Samincorp, Inc. v. Southwire Co., Inc., 531 F. Supp. 1 (N.D. Ga. 1980)

U.S. District Court for the Northern District of Georgia - 531 F. Supp. 1 (N.D. Ga. 1980)
June 20, 1980

531 F. Supp. 1 (1980)

SAMINCORP, INC., Plaintiff,
SOUTHWIRE COMPANY, INC., and Suramericana de Aleaciones Laminadas C. A., Defendants.

Civ. A. No. C79-828A.

United States District Court, N. D. Georgia, Atlanta Division.

June 20, 1980.

F. Carlton King, Atlanta, Ga., for plaintiff.
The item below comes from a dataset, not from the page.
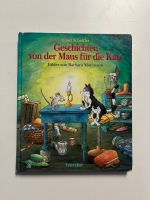 Geschichten von der Maus für die Katz, Vorlesebuch | Top Zustand Nordrhein-Westfalen - Hiddenhausen Vorschau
James H. Bratton, Jr., John G. Despriet, Atlanta, Ga., for defendants.


VINING, District Judge.

This is an action for breach of contract, specific performance, and tortious interference with contract. The plaintiff has moved for leave to amend its complaint; that motion is unopposed, and it is hereby GRANTED. Defendant Southwire Company, Inc., filed a motion to dismiss on August 17, 1979, based on failure to state a claim, failure to join an indispensible party, and forum non conveniens. Since that motion relied on matters outside the pleadings, the parties agree that it should be treated as a motion for summary judgment and have *2 proceeded on that basis. On February 13, 1980, Southwire moved to dismiss for lack of jurisdiction over the subject matter. These motions are now ripe for consideration.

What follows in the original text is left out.